> _WORK TO COMPLETE_
Every line below needs to be printed again exactly, without any of its pictures.

> _DATASET CONTENT_
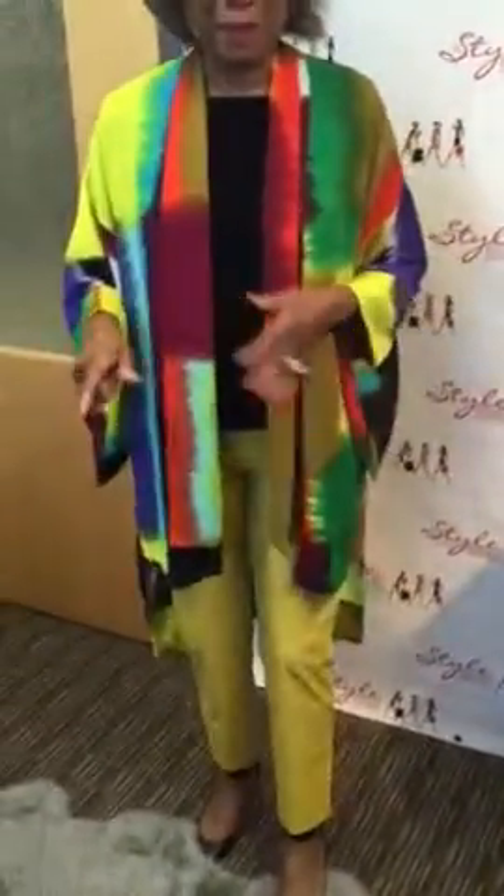You can of course wear it with a basic black pair of pants, but I'm wearing it with the bold yellow pair. As you can see, all the colors in it — it's almost like Joseph's coat of many colors. It has red, green, black, and purple. You can wear any of these to accent it on the bottom, but I'm showing it today with the yellow.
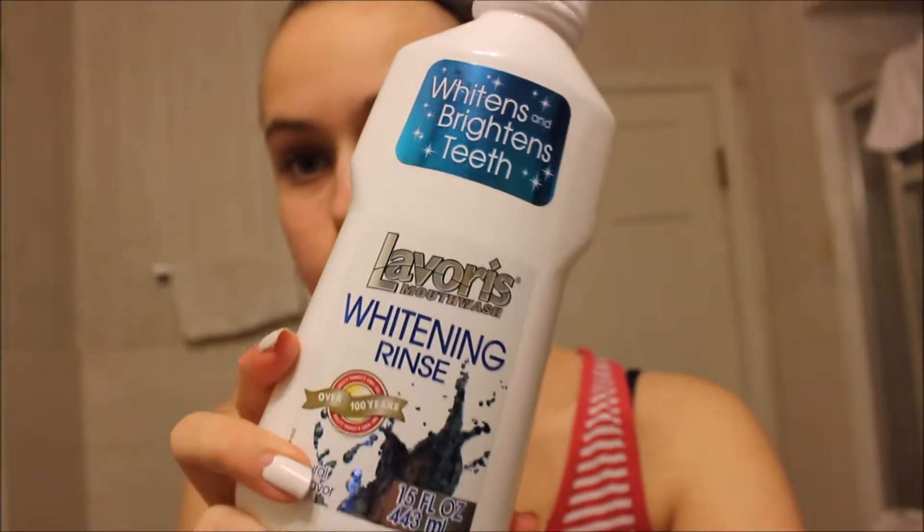I usually start off with mouthwash and this is my favorite one at the moment. I just swish it around my mouth for about 30 seconds. Then I take my Crest 3D whitening toothpaste and brush my teeth. A weird fact about me is I brush my teeth like 4 times a day — I honestly don't know why.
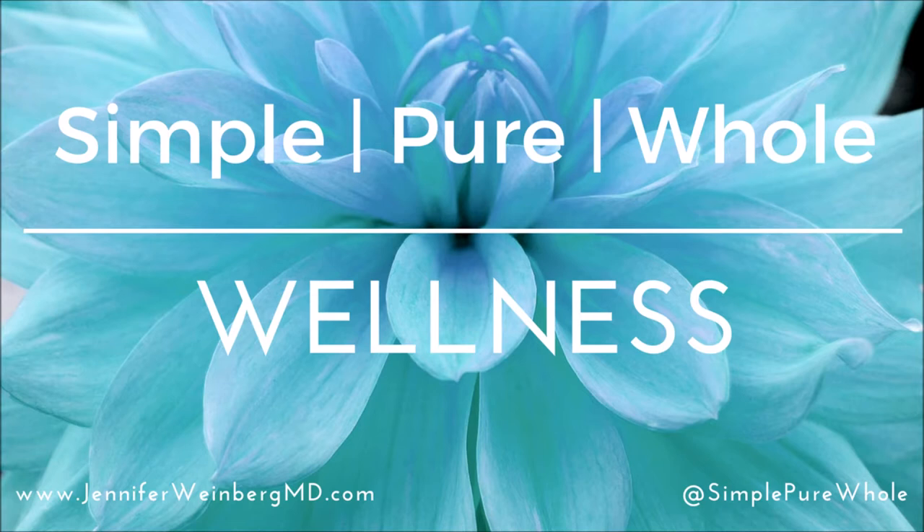Welcome back to Simple Pure Whole Wellness. Today I'm bringing you a video to help celebrate Earth Month by helping you breathe easier naturally in your home with six ways to purify the air.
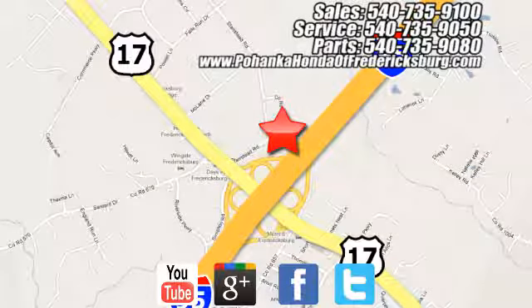Take it for a test drive today. Pohenka Honda of Fredericksburg is a great place to buy a car, conveniently located at 60 South Gateway Drive in Fredericksburg.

> _TASK ANSWER_
You can of course wear it with a basic black pair of pants, but I'm wearing it with the bold yellow pair. As you can see, all the colors in it — it's almost like Joseph's coat of many colors. It has red, green, black, and purple. You can wear any of these to accent it on the bottom, but I'm showing it today with the yellow.
I usually start off with mouthwash and this is my favorite one at the moment. I just swish it around my mouth for about 30 seconds. Then I take my Crest 3D whitening toothpaste and brush my teeth. A weird fact about me is I brush my teeth like 4 times a day — I honestly don't know why.
Welcome back to Simple Pure Whole Wellness. Today I'm bringing you a video to help celebrate Earth Month by helping you breathe easier naturally in your home with six ways to purify the air.
Take it for a test drive today. Pohenka Honda of Fredericksburg is a great place to buy a car, conveniently located at 60 South Gateway Drive in Fredericksburg.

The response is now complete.